Secondo Stefano Paolicchi però “non basta apporre un logo di accessibilità davanti a una struttura per renderla accessibile. Ci sono tante disabilità, tante esigenze diverse e tanti livelli di adattabilità e sensibilità anche all’interno della stessa forma di disabilità”. In Italia dunque c’è ancora da superare la barriera dell’informazione e della conoscenza della disabilità. E l’associazione Handy Superabile si è presa anche l’impegno di suggerire interventi strutturali o ausilii meno costosi agli operatori delle strutture testate, in modo da migliorare la fruizione di un ambiente magari già dichiarato accessibile ma non perfettamente conforme a tutte le esigenze di una persona diversamente abile.
Alla barriera dell’informazion si aggiunge quella culturale: “spesso gli operatori del settore hanno scarsa preparazione nell’interagire con persone disabili o hanno difficoltà nell’accoglienza o pregiudizi” ha spiegato Stefano Paolicchi, che con la sua associazione organizza anche corsi per operatori turistici.
A queste barriere si aggiungono poi quelle architettoniche, che purtroppo non sono ancora state abbattute in molti luoghi lungo la Penisola.
I segnali positivi per un turismo accessibile
Rispetto al passato qualcosa è migliorato per i disabili. Il Libro Bianco sul Turismo accessibile del 2013 ha raccolto quasi 400 progetti avviati in Italia con differenze legate alla localizzazione geografica, al tipo di disabilità. Di questi progetti, solo il 14% è diffuso e sostenuto a livello nazionale, mentre la maggior parte è legato alla provincia o alla regione.
La metà di questi progetti sono ristretti a persone con disabilità speciali, l’altra metà invece non sono definiti in maniera così netta.
Le principali azione intraprese nel corso degli ultimi anni riguardano l’informazione o la segnalazione dei servizi messi a disposizione dei disabili: per questo nel 30% dei progetti sono state allestite mappe, siti web (17.2 % dei progetti) e app (2.5%).
All’informazione seguono servizi reali, indispensabili a rendere fruibili spiagge, alberghi, musei, intrattenimenti: nel 24.2% dei casi i progetti sono stati utili per rimuovere barriere, realizzare percorsi ad hoc, rendere le spiagge adatte ai diversamente abili. Nel 6.7% dei casi sono stati creati strumenti dedicati e per la stessa percentuale sono state fornite guide specializzate. Una certa quota di progetti è stata dedicata anche alla formazione (9.4%) e alla produzione di documenti di studio e ricerca sul turismo sostenibile per i disabili (8.1%).
I tipi di disabilità che usufruiranno in modo maggiore delle migliorie apportate da questi progetti sono soprattutto quelle fisiche:
Cosa resta da fare o cosa si può migliorare?
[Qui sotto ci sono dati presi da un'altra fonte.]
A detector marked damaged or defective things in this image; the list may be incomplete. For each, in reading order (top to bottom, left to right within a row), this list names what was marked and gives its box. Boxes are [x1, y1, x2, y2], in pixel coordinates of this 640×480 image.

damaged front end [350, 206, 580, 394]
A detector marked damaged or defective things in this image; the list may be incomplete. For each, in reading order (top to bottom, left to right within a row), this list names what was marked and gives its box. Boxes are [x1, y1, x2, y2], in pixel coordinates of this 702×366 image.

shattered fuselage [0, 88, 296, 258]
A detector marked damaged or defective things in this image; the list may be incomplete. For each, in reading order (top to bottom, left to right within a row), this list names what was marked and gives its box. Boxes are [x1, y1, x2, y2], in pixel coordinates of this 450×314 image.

Di certo occorre cooperazione tra regioni e tra diverse strutture. È necessario estendere i servizi riservati ai disabili anche ad attività, iniziative e strutture collaterali. Lo stato deve assicurare che in ogni regione i disabili possano usufruire delle offerte turistiche dedicate a loro senza costi aggiuntivi.
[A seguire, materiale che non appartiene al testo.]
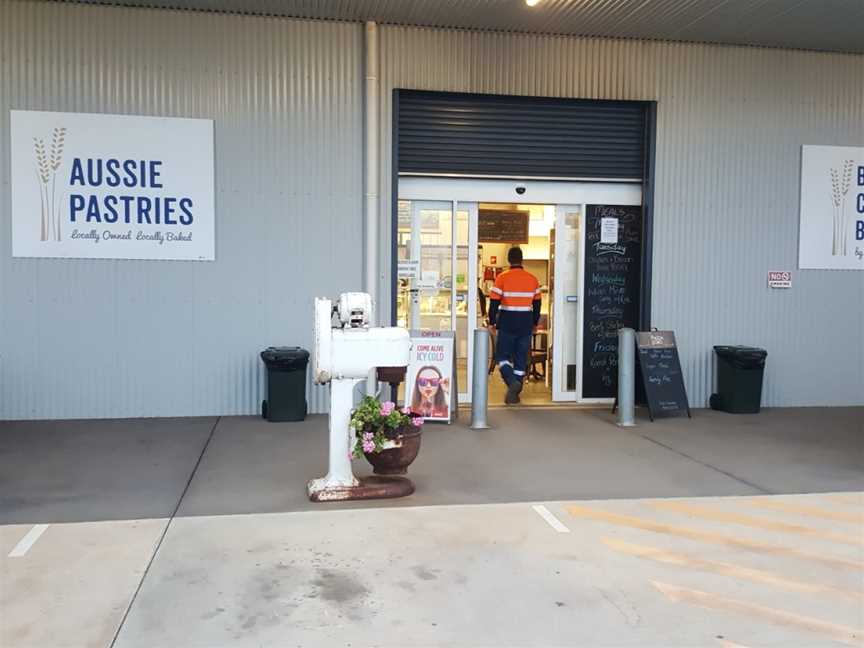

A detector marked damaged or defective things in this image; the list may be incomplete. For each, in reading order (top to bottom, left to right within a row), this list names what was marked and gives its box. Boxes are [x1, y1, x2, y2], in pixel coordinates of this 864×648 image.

rusty base [308, 474, 416, 504]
A questo poi si aggiungono la necessità di corsi per gli operatori, la diffusione di una migliore comunicazione informativa e l’accesso ai dati rilasciati in forma open per poter comprendere tendenze e bisogni.
L’ultima cosa da tenere bene a mente è che le strutture per i disabili non devono essere “a parte”, ma devono essere integrate perfettamente con i percorsi e i servizi di cui tutti usufruiscono. Infatti, come ha sottolineato Paolicchi, “il turismo non deve essere un’esperienza ghettizzante, ma deve favorire l’integrazione sociale dei diversamente abili”.